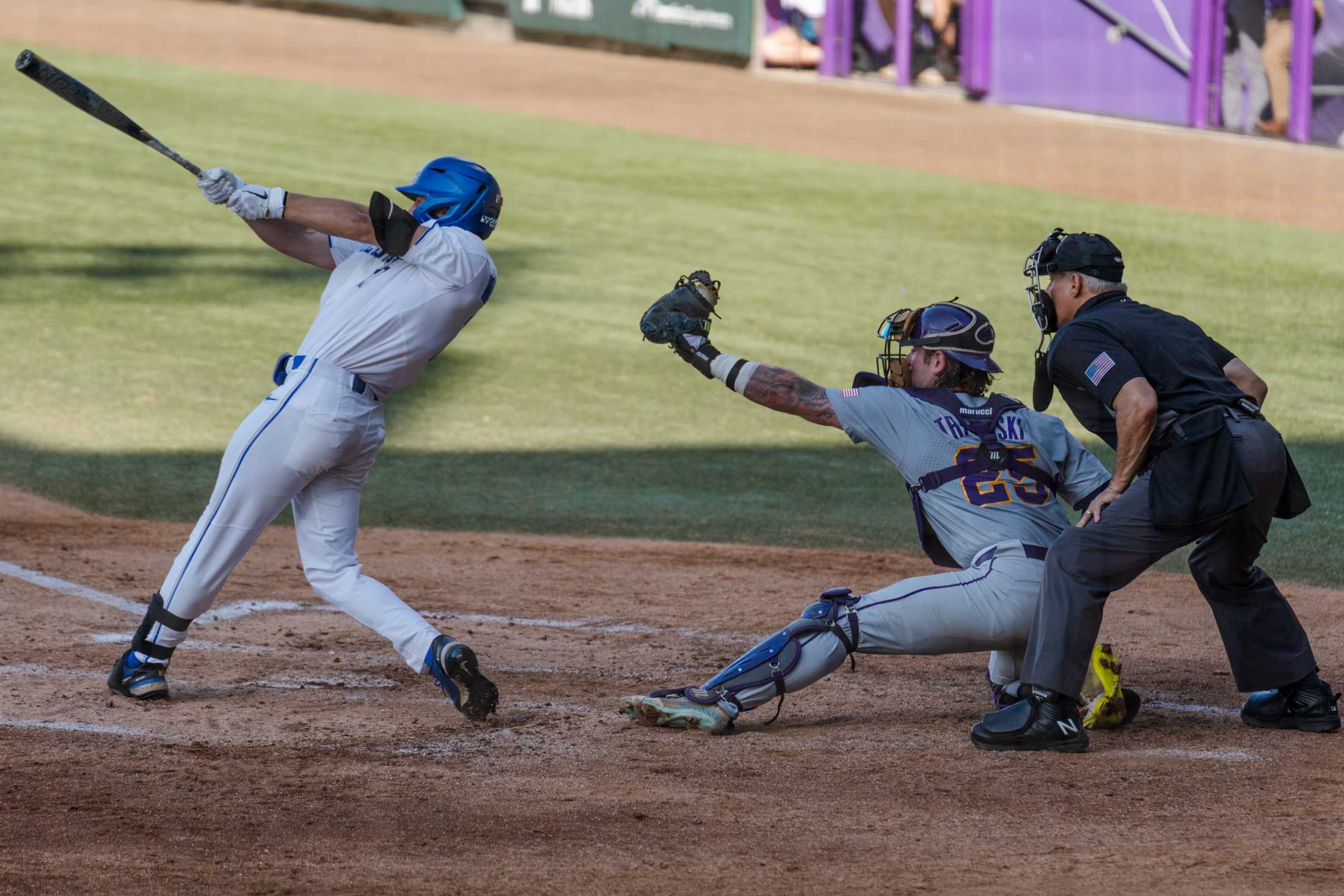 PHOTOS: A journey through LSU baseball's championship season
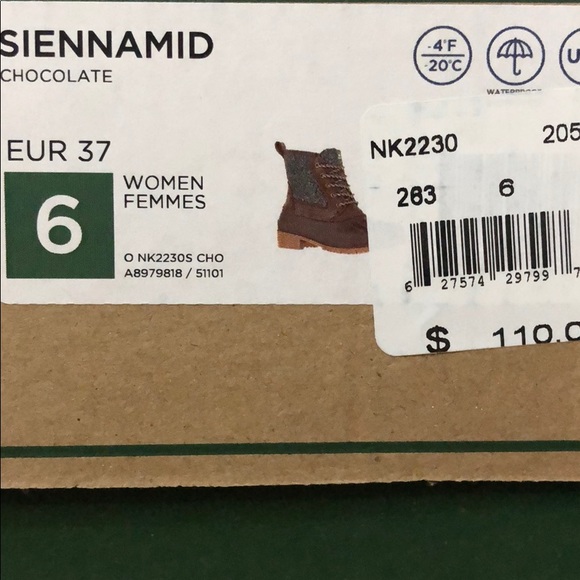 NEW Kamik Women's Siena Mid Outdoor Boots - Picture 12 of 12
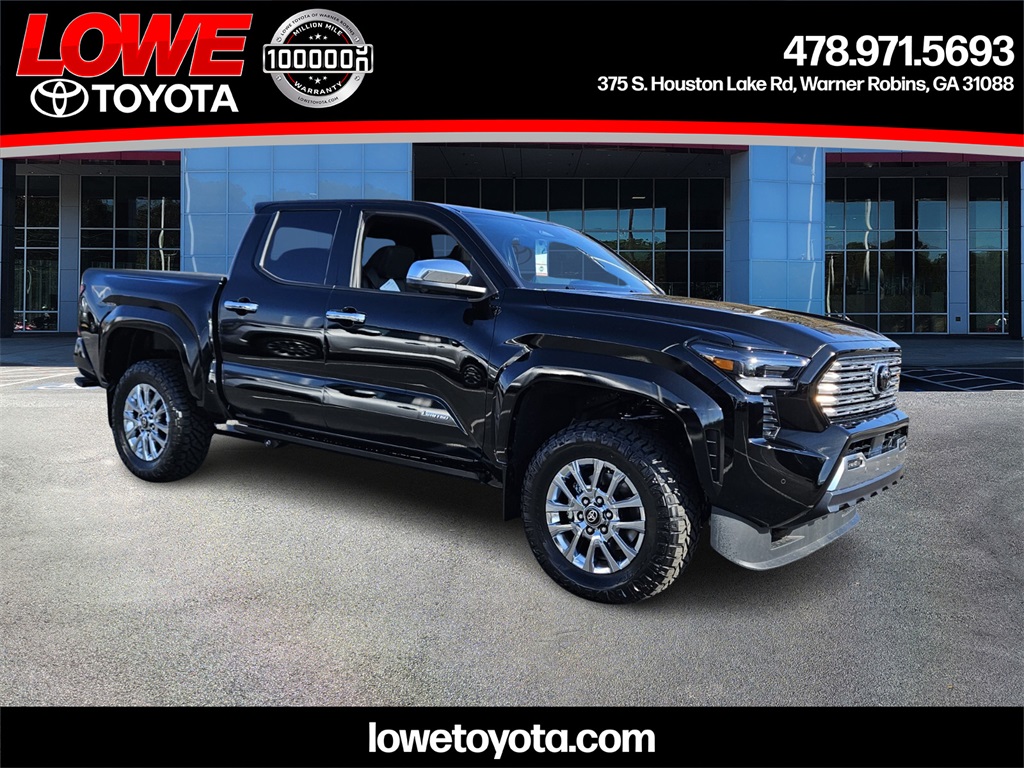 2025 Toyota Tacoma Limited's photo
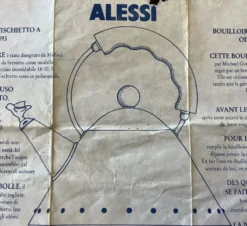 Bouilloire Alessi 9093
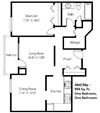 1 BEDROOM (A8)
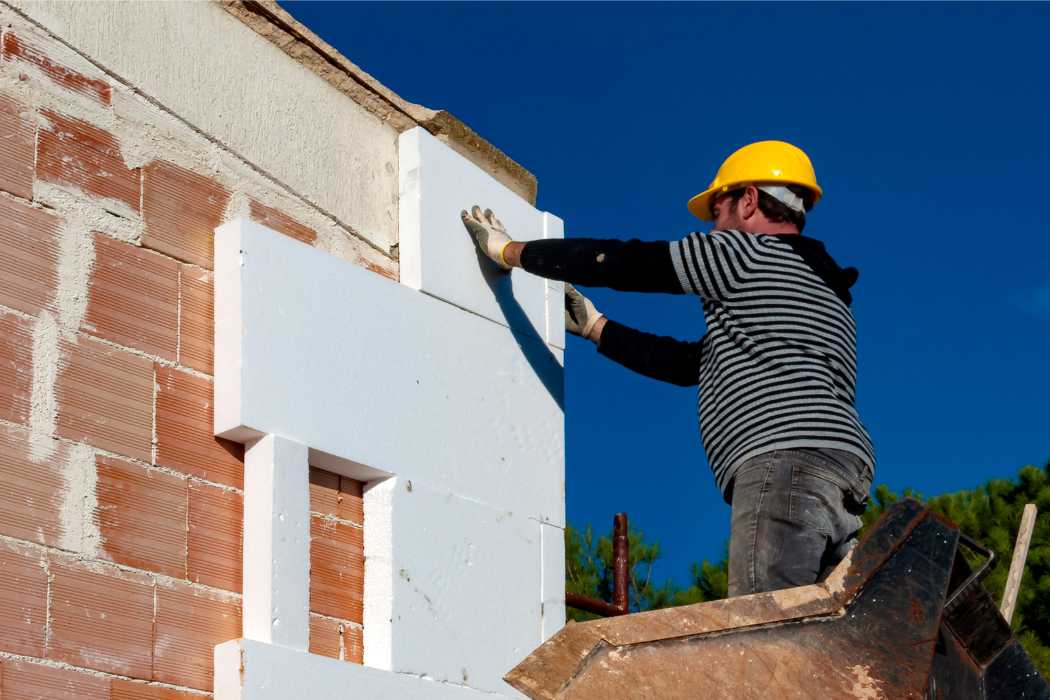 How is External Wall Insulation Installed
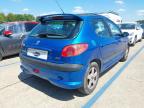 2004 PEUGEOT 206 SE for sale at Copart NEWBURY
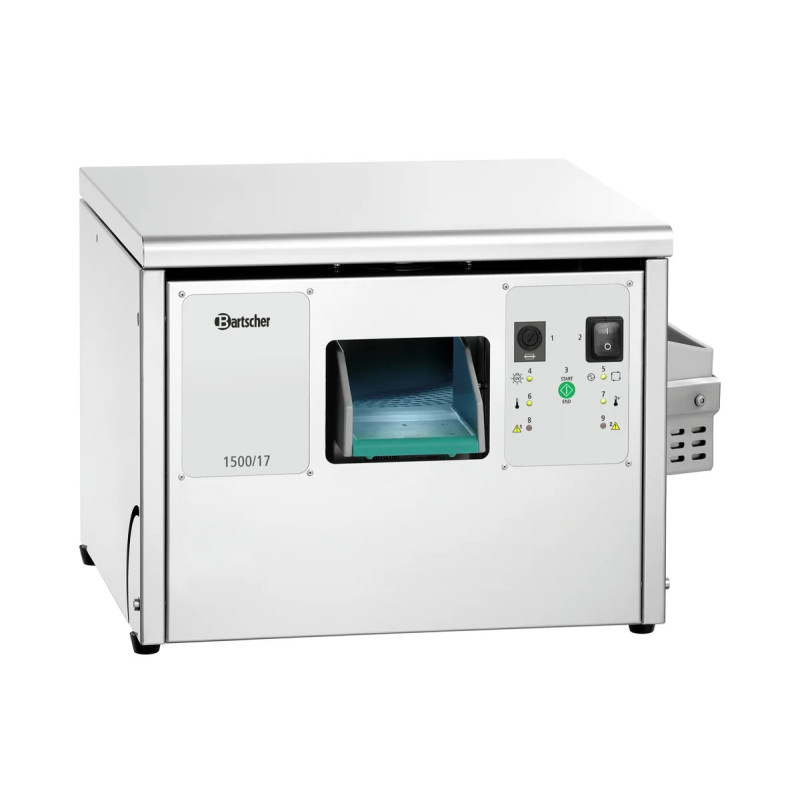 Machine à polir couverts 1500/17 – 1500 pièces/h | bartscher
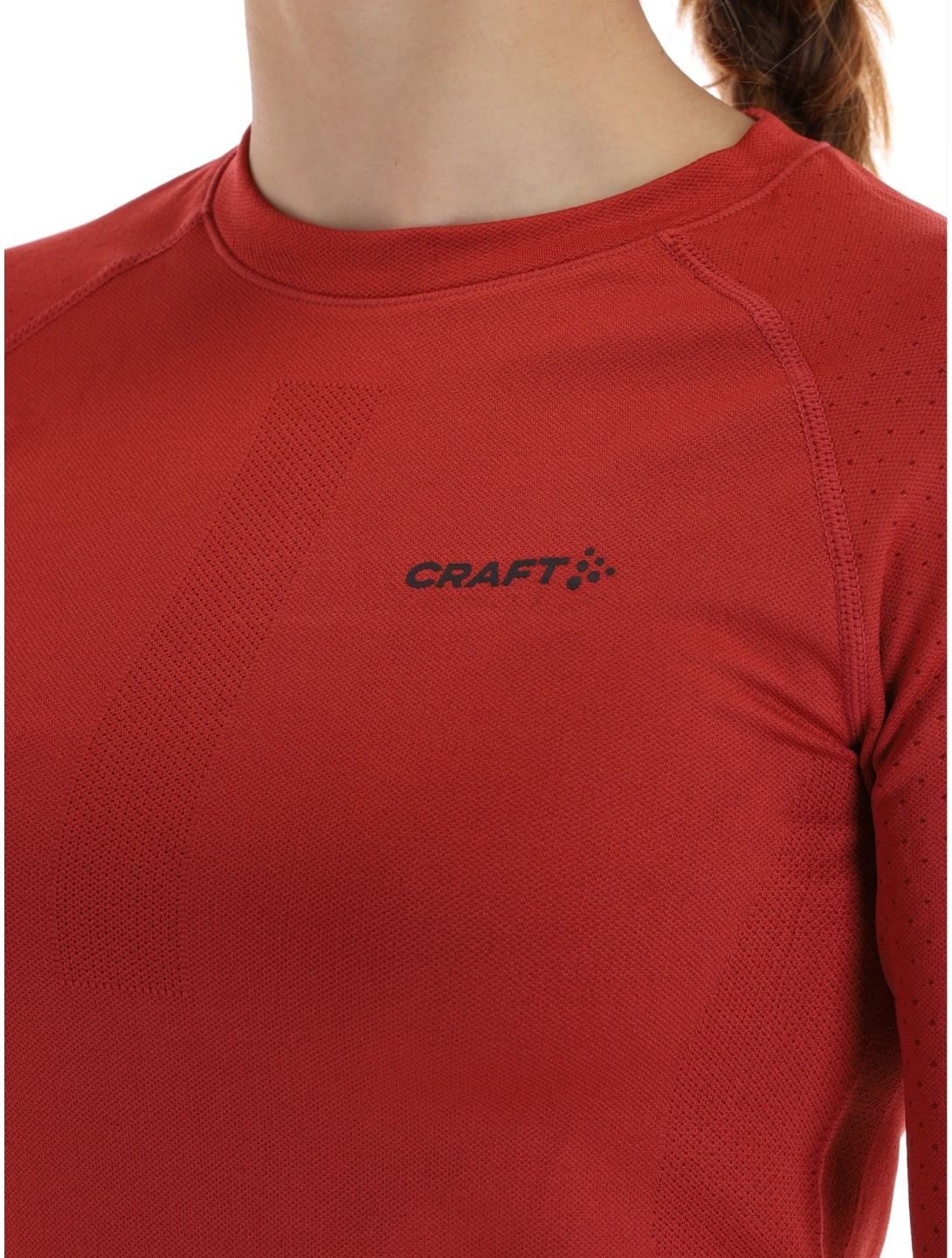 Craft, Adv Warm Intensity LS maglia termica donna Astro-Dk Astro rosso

Instructions for the task ::
Set down exactly the lines between the one with "2004 PEUGEOT 206" and the last line of the material above, both included, but none of the pictures.

Problem solution ::
 2004 PEUGEOT 206 SE for sale at Copart NEWBURY
 Machine à polir couverts 1500/17 – 1500 pièces/h | bartscher
 Craft, Adv Warm Intensity LS maglia termica donna Astro-Dk Astro rosso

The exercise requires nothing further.